Ancak iman edip, salih amel işleyen, Allah’ı çokça zikreden ve kendilerine zulmedildikten sonra öçlerini alanlar müstesna. Zulmedenler de yakında nasıl bir yere devrileceklerini bileceklerdir.
الترجمة التركية - مركز رواد الترجمة
İman eden, salih ameller yapan ve çokça Allah’a zikreden, zulme uğradıkları zaman (şiirleri ile) savunan (şairler) hariç. Zalimler, hangi dönüşe (hangi akıbete) döndürüleceklerini yakında bileceklerdir.
الترجمة التركية - شعبان بريتش
Ancak iman edip salih ameller işleyenler, Allah’ı çok çok ananlar ve haksızlığa uğratıldıklarında kendilerini savunanlar başkadır. Haksızlık edenler, hangi dönüşe (hangi akıbete) döndürüleceklerini yakında bileceklerdir.
الترجمة التركية - مجمع الملك فهد
Ancak şairlerden iman edenler, salih ameller işleyenler ve Allah Teâlâ'yı çokça zikreden, Hassân bin Sabit -radyallahu anh- gibi kendisine zulmedildikten sonra Allah'ın düşmanlarından intikam alan/(şiir ile) onlara galip gelen şairler hariçtir. Allah'a şirk koşarak ve O'nun kullarına haksızlık ederek zulmedenler nereye döneceklerini bilecekler.
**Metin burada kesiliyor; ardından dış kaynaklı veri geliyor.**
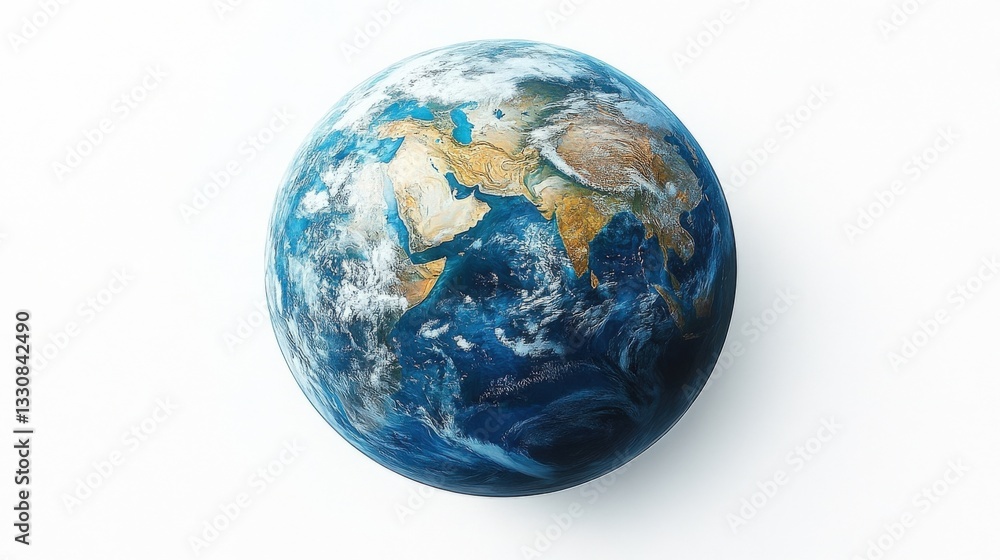 Pixelated Earth Globe Displaying Continents on White Background Pixelated Earth Globe Displaying Continents on White Background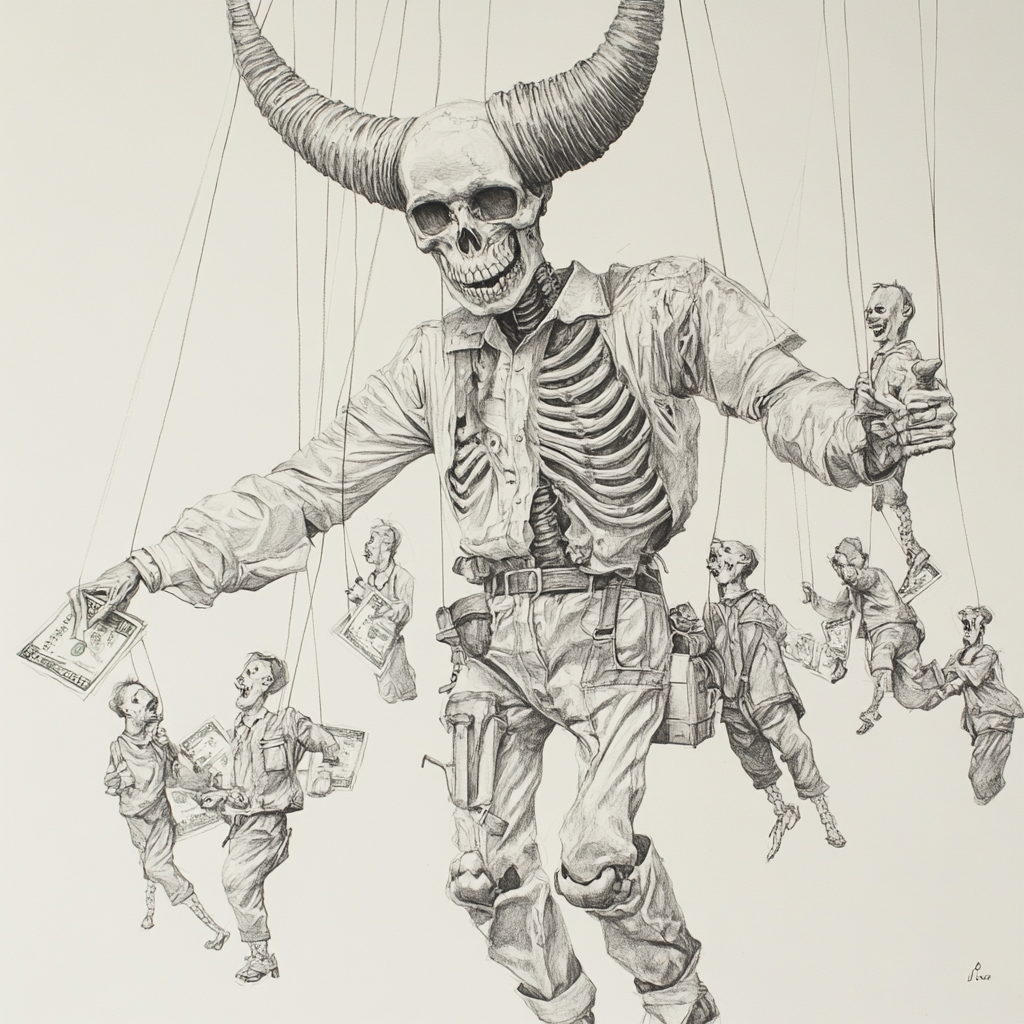 horned skeleton controlling puppets chasing bank notes, detailed drawing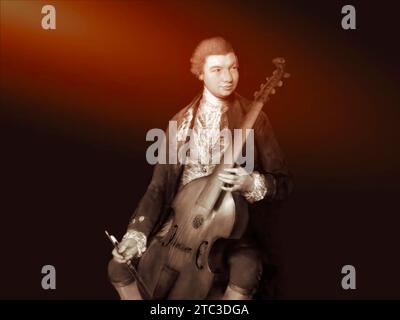 Carl Friedrich Abel, 1723–1787, deutscher Komponist, digital bearbeitet nach einem Gemälde von Thomas Gainsborough Stockfoto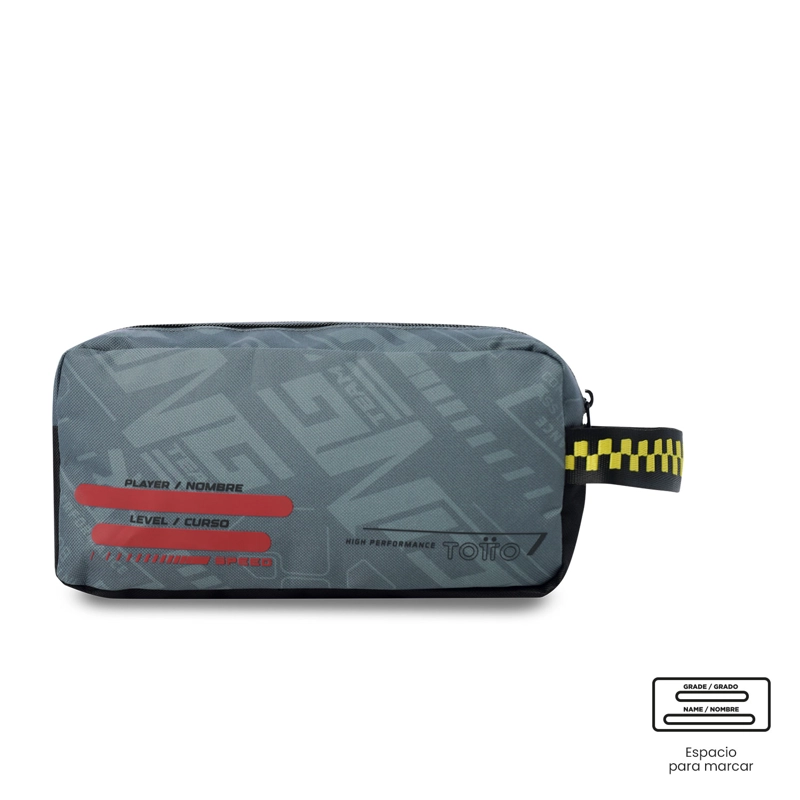 ESTUCHE ESCOLAR GRANDE PARA NIÑO 2 CUERPOS GRAND PRIX GRIS - 4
Çok büyük bir yere ve ince bir hesaba dönecekler.
الترجمة التركية للمختصر في تفسير القرآن الكريم
إِلَّا ٱلَّذِينَ ءَامَنُواْ وَعَمِلُواْ ٱلصَّـٰلِحَٰتِ وَذَكَرُواْ ٱللَّهَ كَثِيرٗا وَٱنتَصَرُواْ مِنۢ بَعۡدِ مَا ظُلِمُواْۗ وَسَيَعۡلَمُ ٱلَّذِينَ ظَلَمُوٓاْ أَيَّ مُنقَلَبٖ يَنقَلِبُونَ
Ancak iman edip iyi ameller isleyenler, Allah'i çok çok ananlar ve haksizliga ugratildiklarinda kendilerini savunanlar müstesna; haksizlik edenler, hangi dönüse (hangi akibete) döndürüleceklerini yakinda bileceklerdir.
Turkish - Turkish translation
إِلَّا ٱلَّذِينَ ءَامَنُواْ وَعَمِلُواْ ٱلصَّـٰلِحَٰتِ وَذَكَرُواْ ٱللَّهَ كَثِيرٗا وَٱنتَصَرُواْ مِنۢ بَعۡدِ مَا ظُلِمُواْۗ وَسَيَعۡلَمُ ٱلَّذِينَ ظَلَمُوٓاْ أَيَّ مُنقَلَبٖ يَنقَلِبُونَ
Ancak inanıp yararlı iş işleyenler, Allah'ı çok çok ananlar ve haksızlığa uğratıldıklarında haklarını alanlar bunun dışındadır. Haksızlık eden kimseler nasıl bir yıkılışla yıkılacaklarını anlayacaklardır.